The dispute concerned a mental health app called Beating the Blues (BTB). The Claimants claimed that the Defendants had infringed copyright and database right in a computer application development framework known as the 'Integrated Development Environment for Applications' (IDEA System) by marketing BTB and specifically version 5 of BTB ("BTB v5").
The court had to rule on the following issues:
- what was the XML Schema? Was it part of the IDEA System or part of the BTB application developed using the IDEA System?
- who owned the rights in the XML Schema? If the answer was the Claimants, the Defendants admitted that BTB v5 infringed the copyright and any database rights that the court found to exist in the XML Schema;
- as it was accepted by the Defendants that copyright subsisted in the XML Schema, whether database rights also subsisted in it;
- what factual findings the Court could make which may be relevant to the consideration of additional damages under section 97(2) of the Copyright, Designs and Patents Act 1988 (1988 Act) and/or Article 13(1) of Directive 2004/48/EC ("Enforcement Directive").
Software Solutions failed to establish that the XML Schema was a database as the law requires a database to be ‘a collection of independent works, data or other material’.

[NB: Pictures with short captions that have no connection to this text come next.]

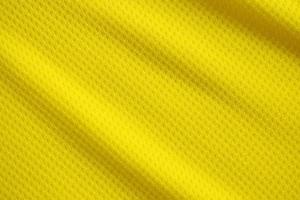 couleur jaune maillot de football vêtements tissu texture vêtements de sport arrière-plan, gros plan photo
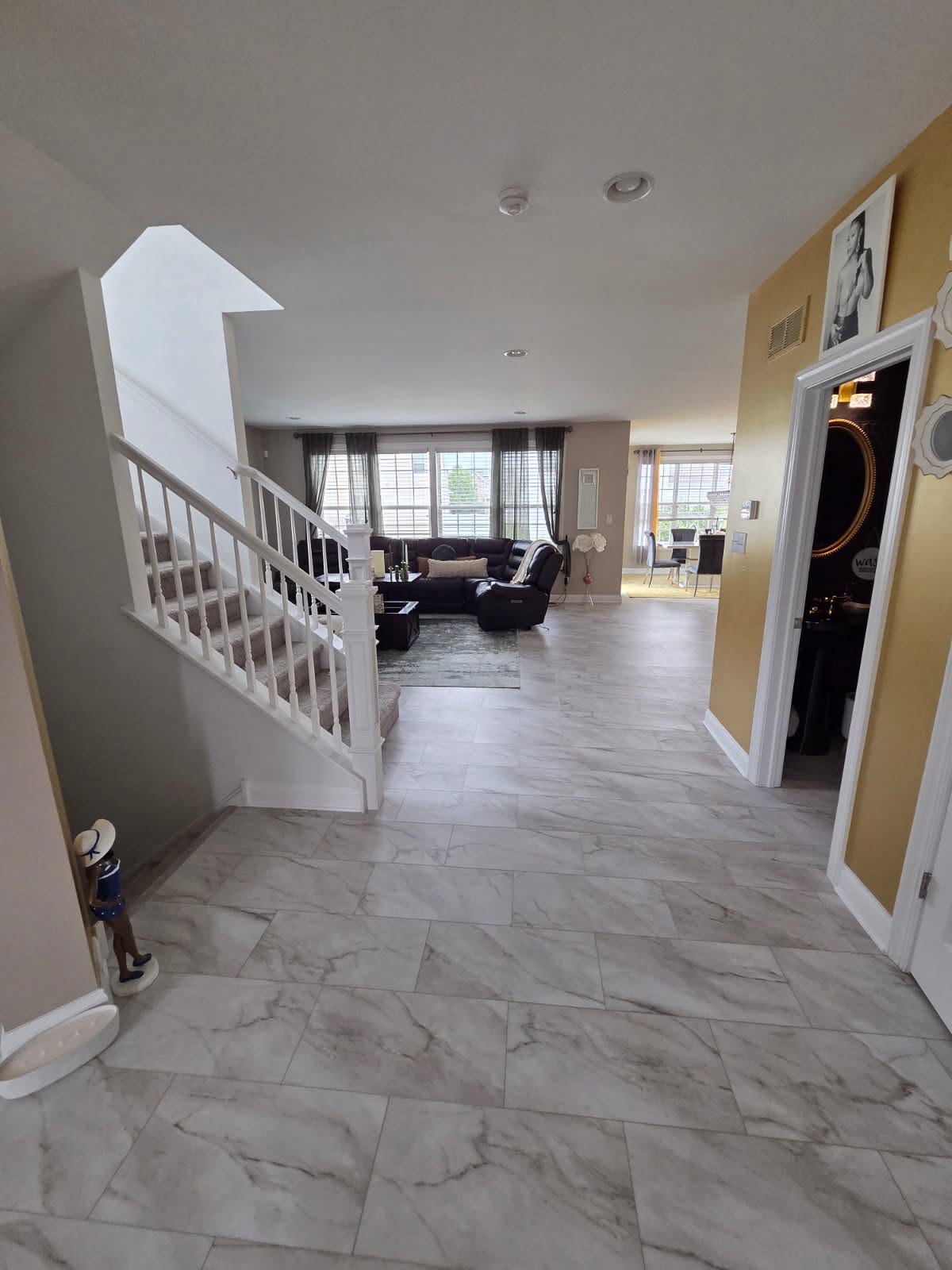 Marble-look porcelain tile entry and hall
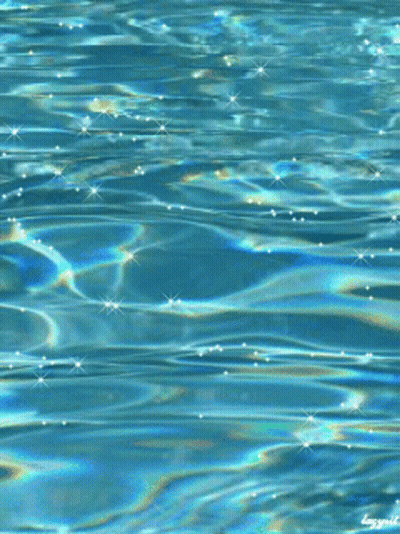 A Close Up Of A Pool Of Water With A Rainbow Colored Reflection GIF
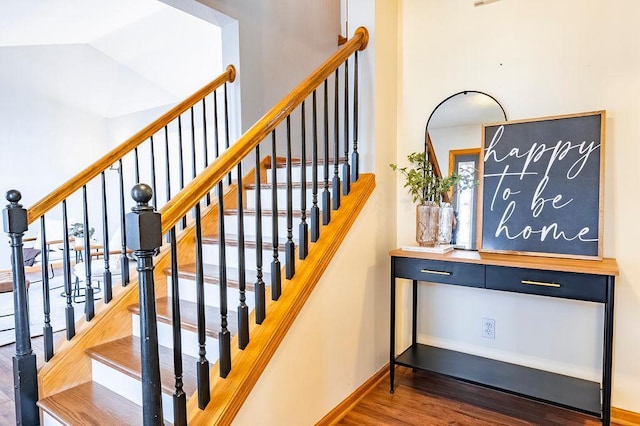 staircase featuring wood finished floors and baseboards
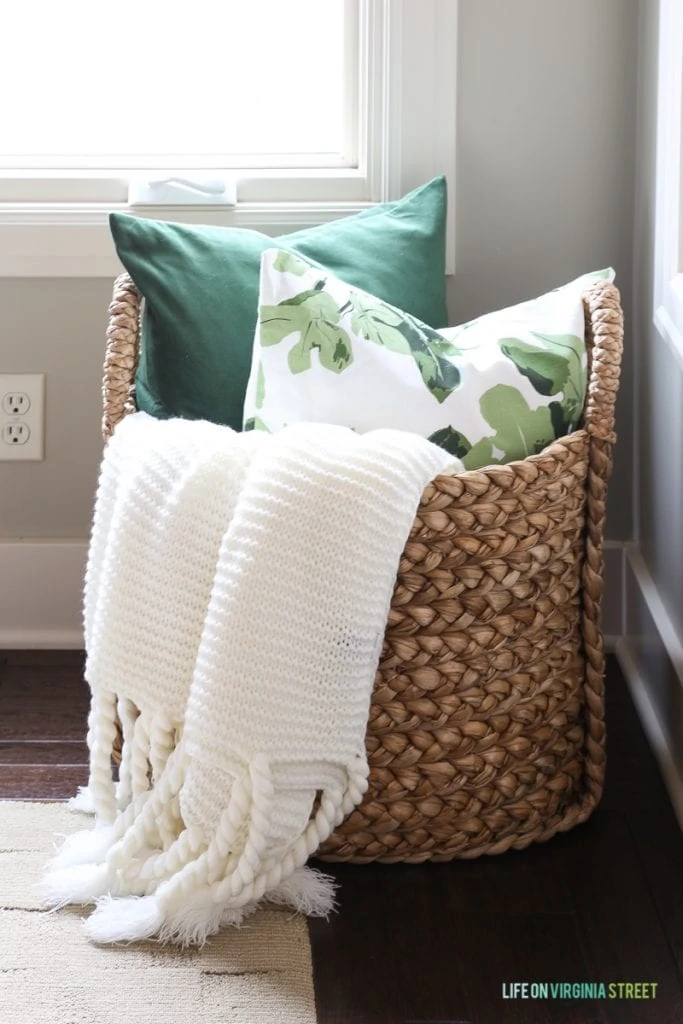 Pottery Barn Beachcomber basket with chunky ivory throw, green velvet and fig leaf pillow. 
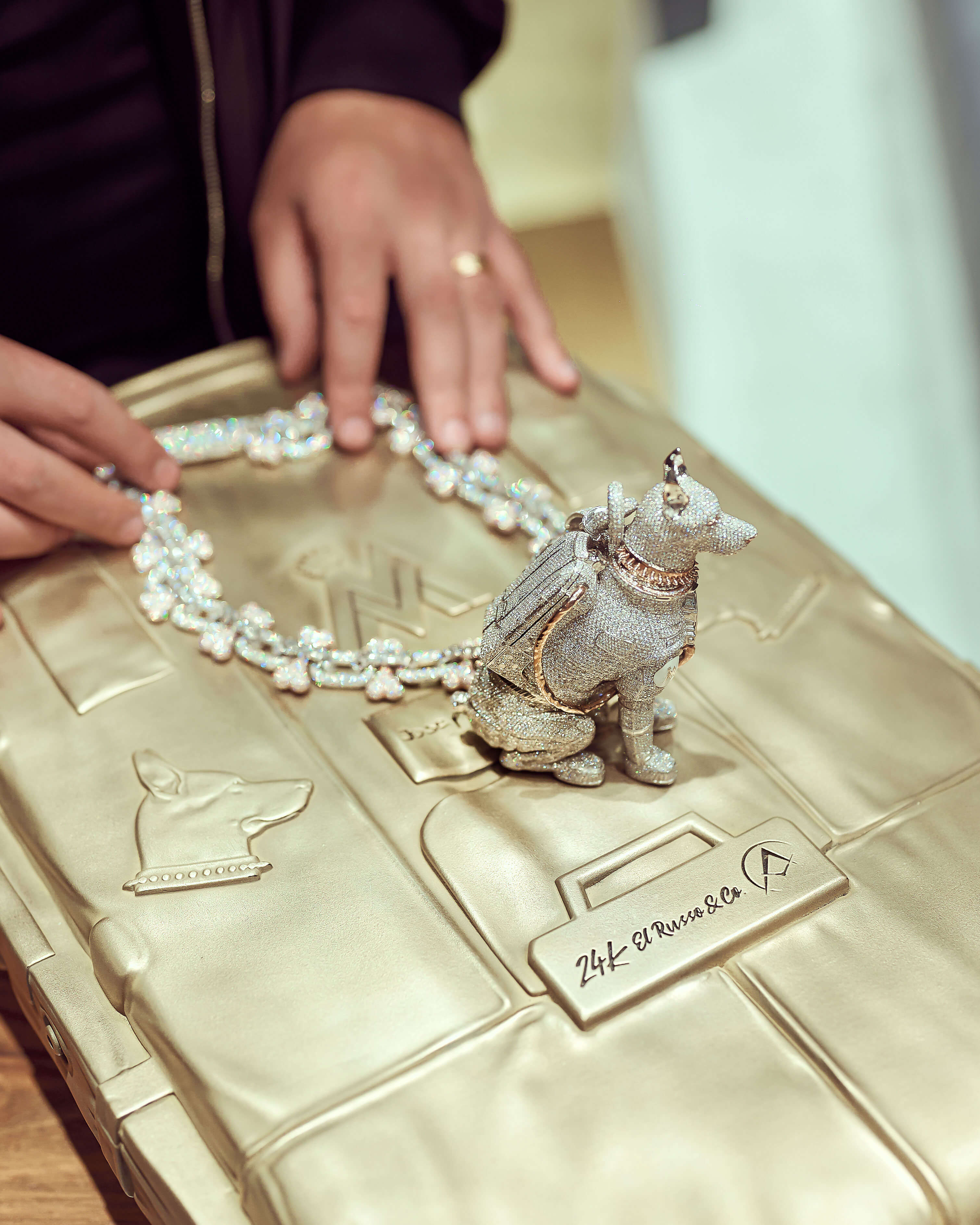 Co-Creator Avi Hiaeve displaying Maluma’s 14k White and Rose Gold Doberman Custom Chain.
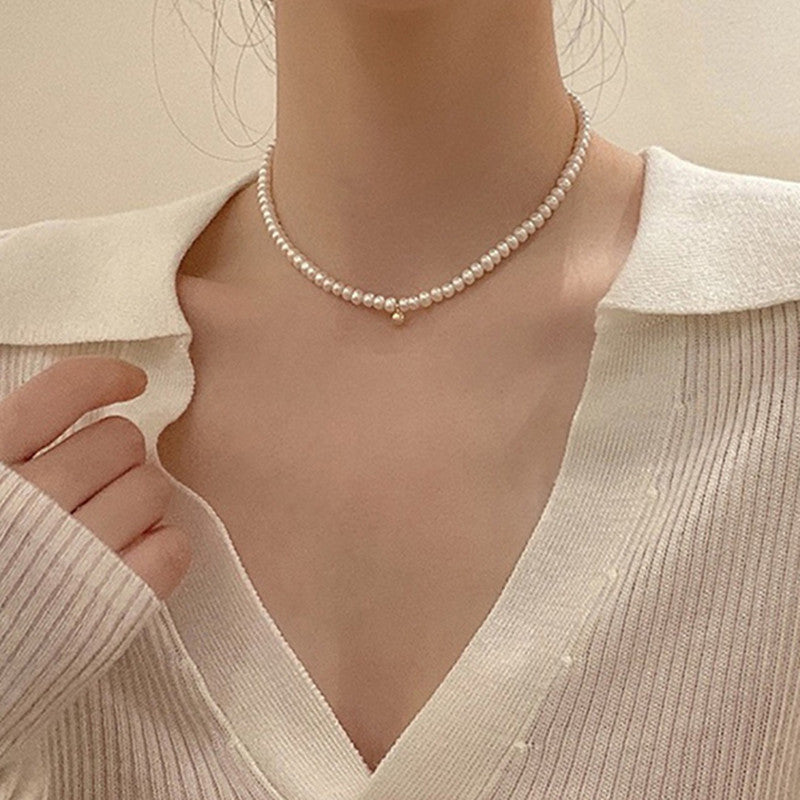 Zarte Perlenhalskette mit Eleganter Goldakzent Brehn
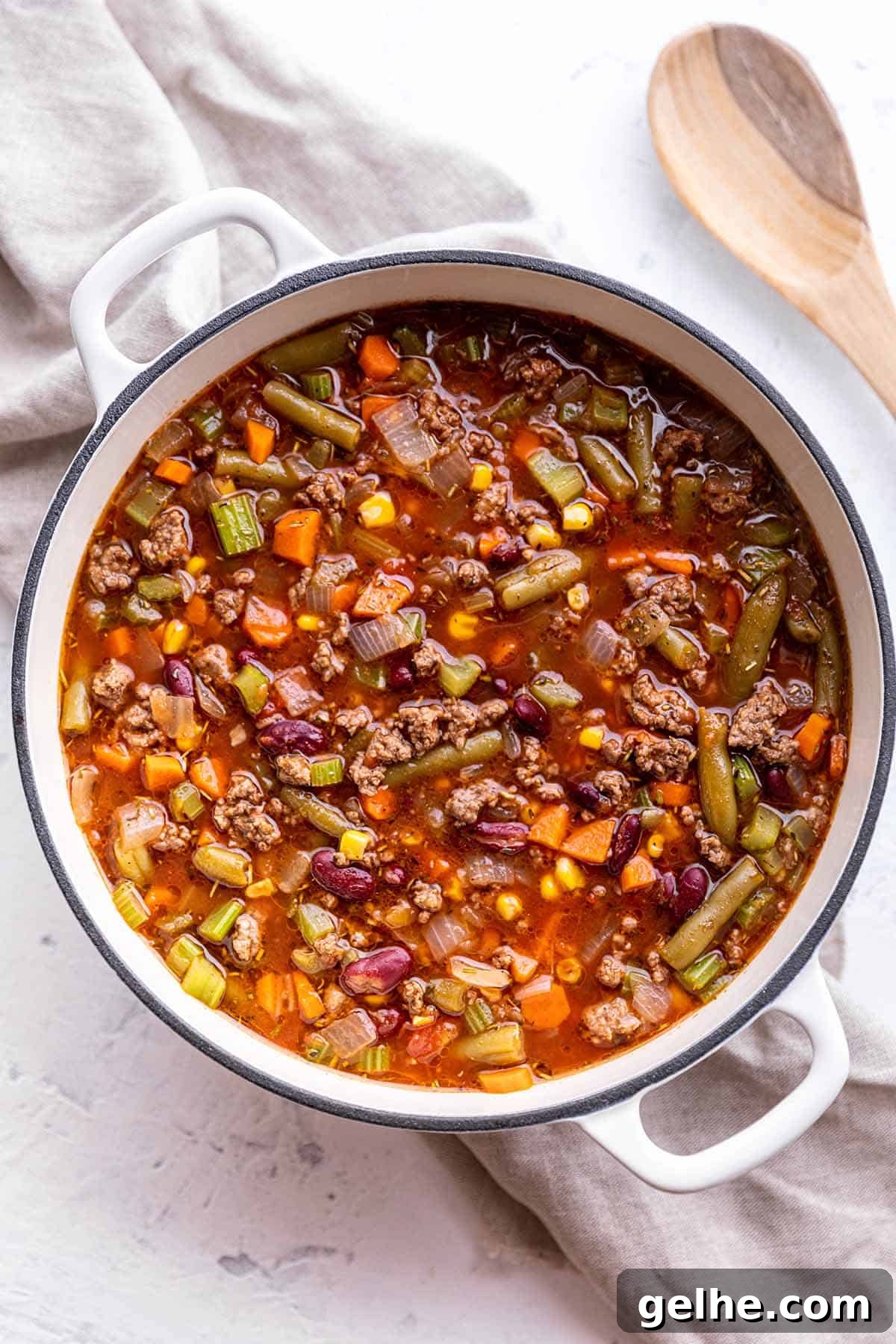 Hearty Ground Beef and Vegetable Soup Recipe 2 A white Dutch Oven full of a homemade soup with a wooden spoon on the side.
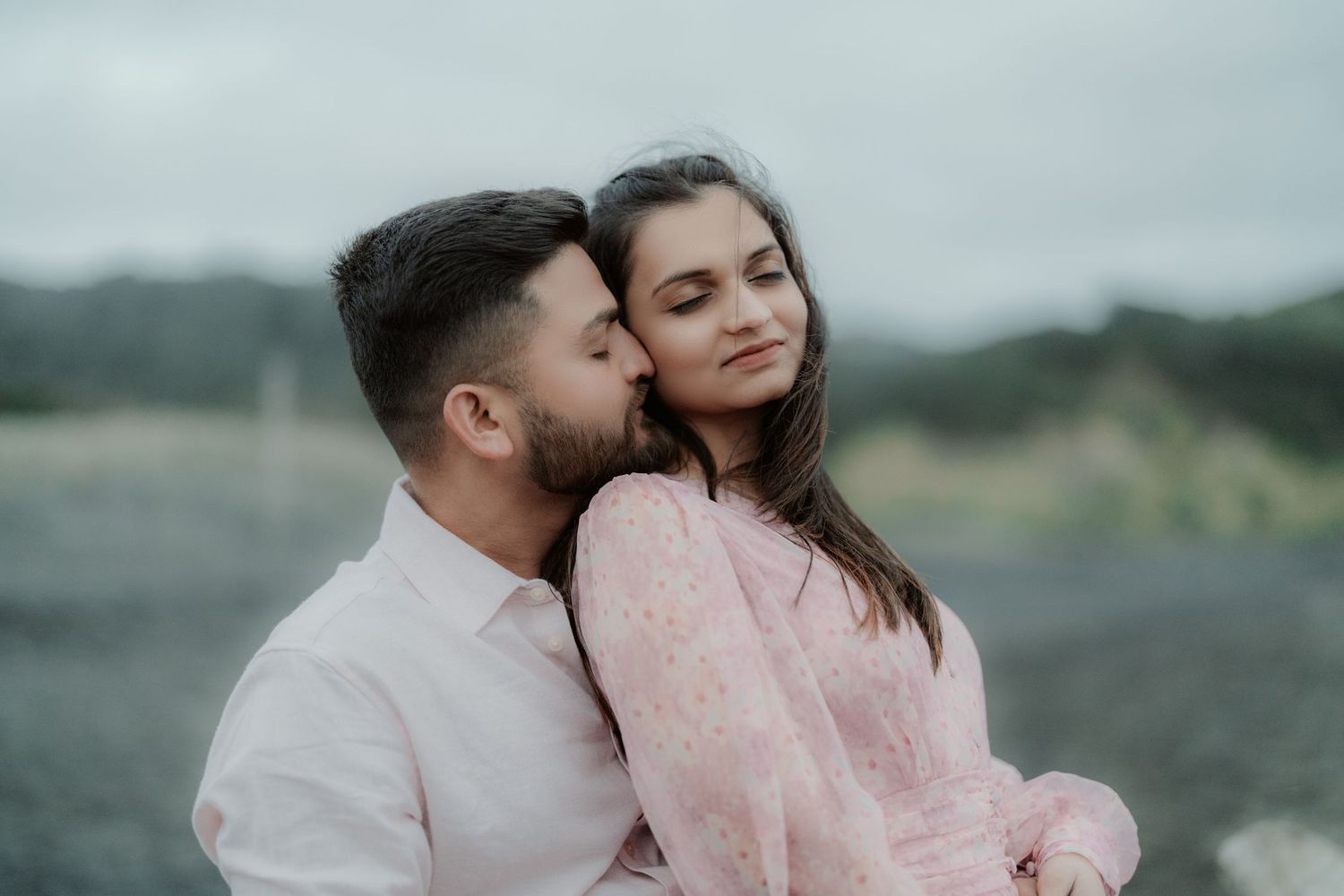 A romantic couple in matching pink outfits share an intimate moment outdoors against a blurred natural background.
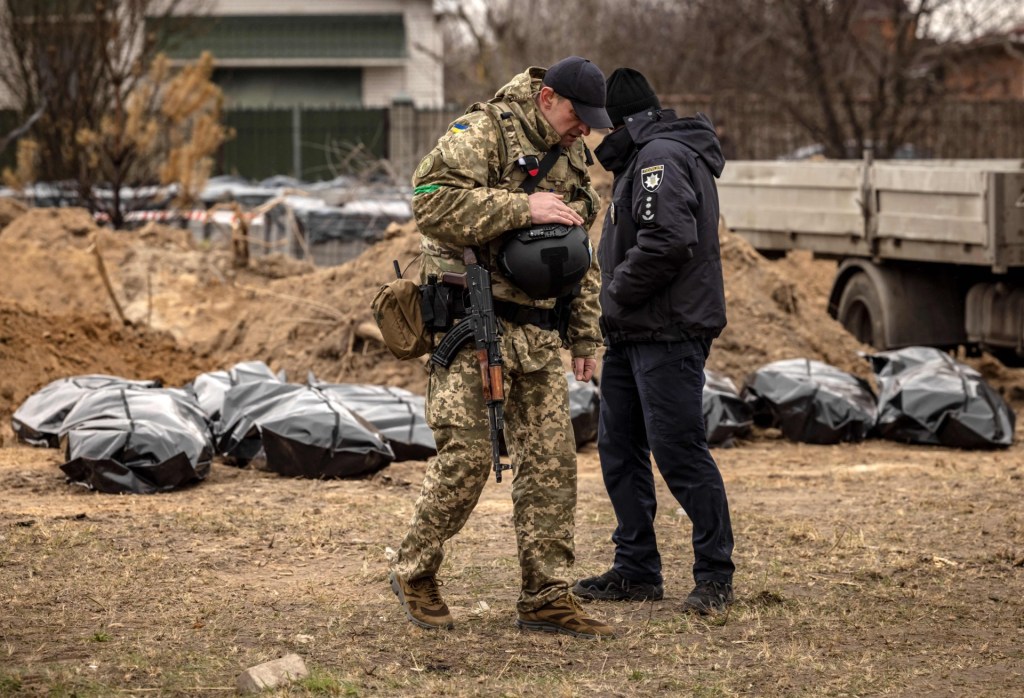 A member of the Ukrainian army and a policeman stand near body bags exhumed from a mass grave where civilians where buried in Bucha, on the outskirts of Kyiv, on April 13, 2022, amid Russia's military invasion launched on Ukraine. - A visit by the International Criminal Court's chief prosecutor to Bucha -- the Kyiv suburb now synonymous with scores of atrocities against civilians discovered in areas abandoned by Russian forces -- came as the new front of the war shifts eastward, with new allegations of crimes inflicted on locals. (Photo by FADEL SENNA/AFP via Getty Images)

In summary, the court found:
- the XML Schema was part of the IDEA System. An XML schema is a set of data formats that provides the structure and verification rules for XML files. The evidence showed that the XML schema that was used to create, validate and run the defendant's application was substantially the same XML schema that was used to create, validate and run any interactive multimedia self-help application created on the Claimant's system. It became an important part of the Claimant’s system.
- the First Claimant owned the rights in the XML Schema. Consequently, BTB v5 infringed the literary copyright in the XML Schema;
- the judge found that the XML Schema provided a structure or framework for arranging independent data in a systematic or methodical way which was then individually accessible by electronic means. However, it was not clear to the judge that it was itself a collection of independent data so arranged. 'Independent' data are data which are "separable from one another without their informative, literary… or other value being affected". The claimants did not adduce evidence that satisfied the judge that the various elements making up the XML Schema had autonomous informative value. Much as the individual words in a literary work cannot be separated without losing their literary value, the judge said that in the absence of any submissions otherwise the individual categories of what elements, attributes and data are validly contained in the XML Schema could not be separated without losing the informative value of the rules as a whole.
- the Defendants' infringements were flagrant under section 97(2) of the 1988 Act, the Defendants had accrued benefits from the infringements, and the infringements and this litigation had caused distress. Therefore, the court granted the claimants’ recovery of additional damages.